## Data segment
++++++++++++++++++++
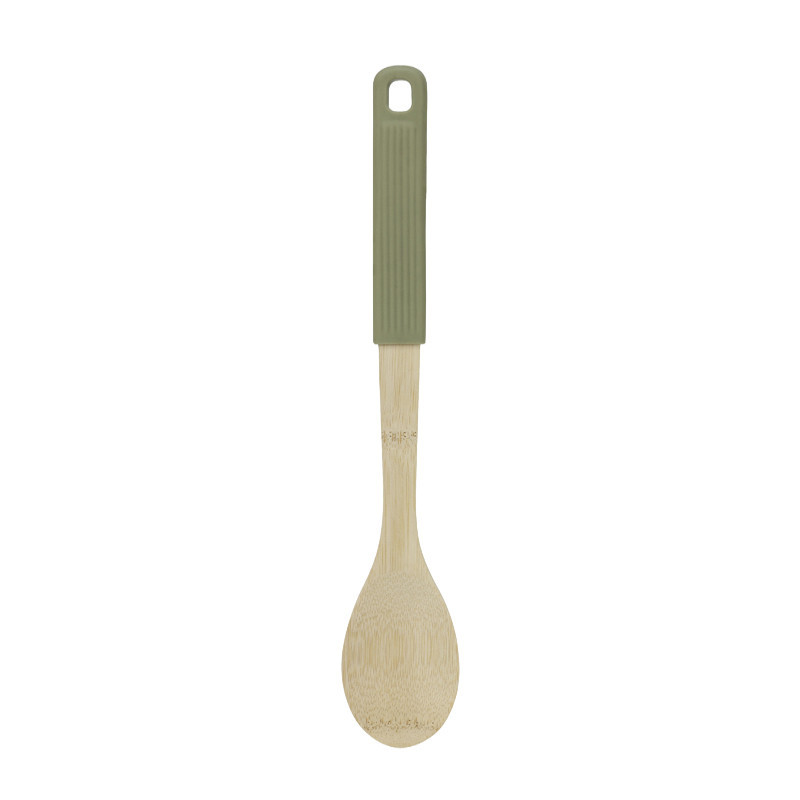 Cuillere bambou manche couleur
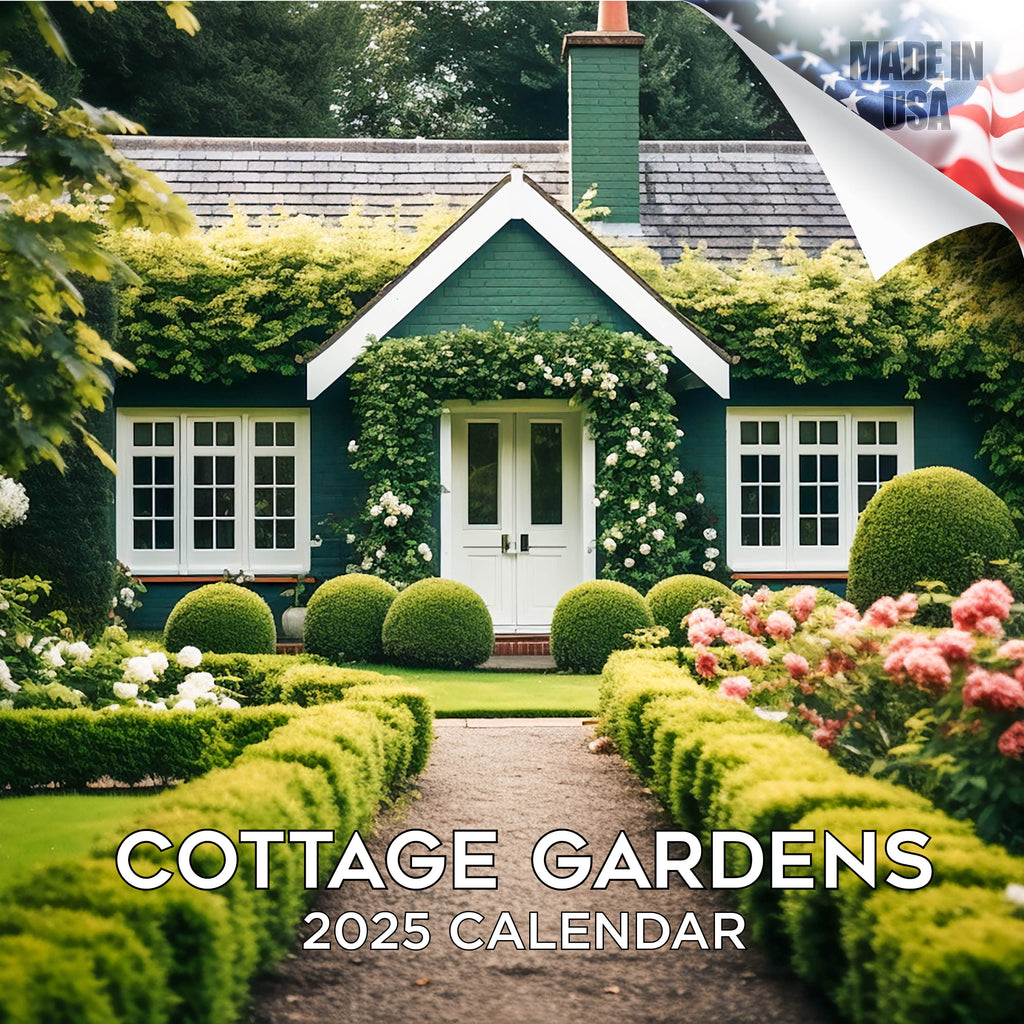 Cottage Gardens Wall Calendar 2025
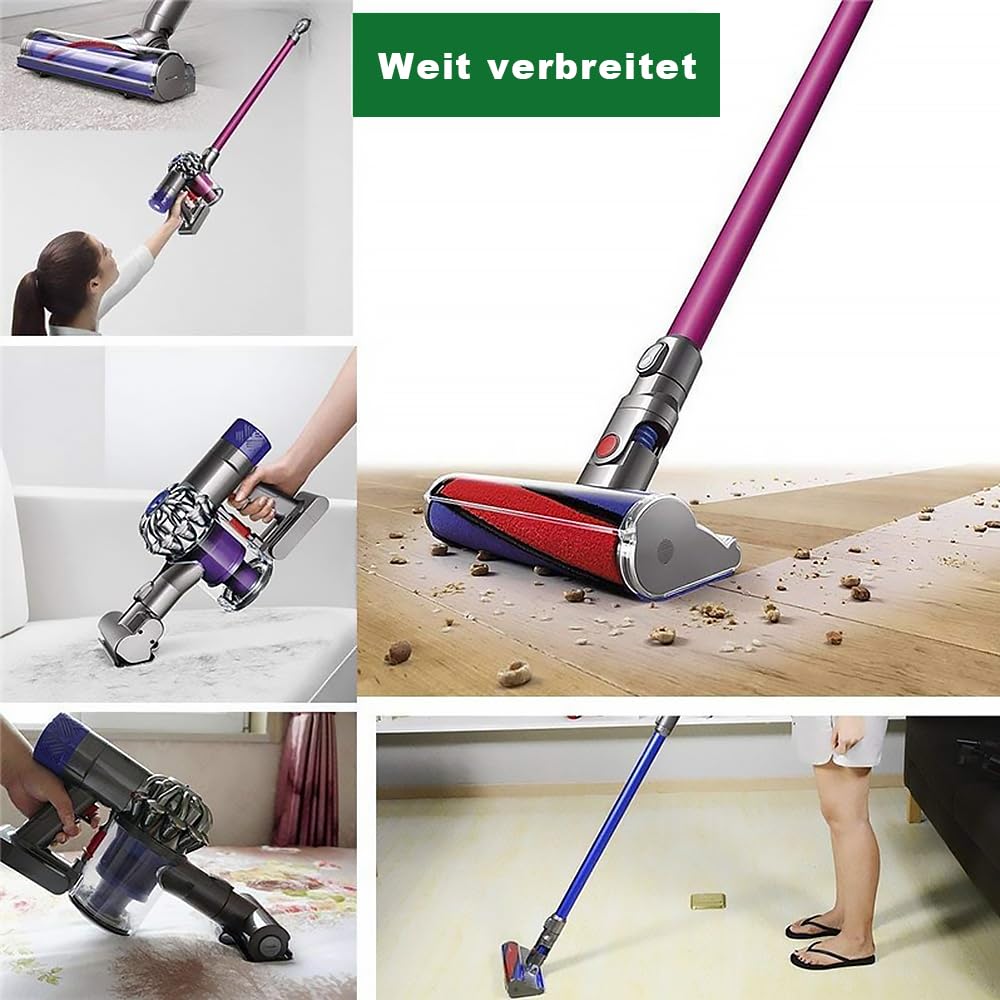 STANEW 21,6V, 4000mAh Li-ion Akku Ersatzakku für Dyson V6 Staubsauger, Ersatzakku für Dyson Akku V6 DC62 DC58 DC59 DC61 DC74 SV03 SV05 SV06 SV07 SV09 SV04 SV08, mit 2 Filtern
++++++++++++++++++++
## Work required
Would you reproduce each line of the material exactly, omitting the images?

## Final answer
 Cuillere bambou manche couleur
 Cottage Gardens Wall Calendar 2025
 STANEW 21,6V, 4000mAh Li-ion Akku Ersatzakku für Dyson V6 Staubsauger, Ersatzakku für Dyson Akku V6 DC62 DC58 DC59 DC61 DC74 SV03 SV05 SV06 SV07 SV09 SV04 SV08, mit 2 Filtern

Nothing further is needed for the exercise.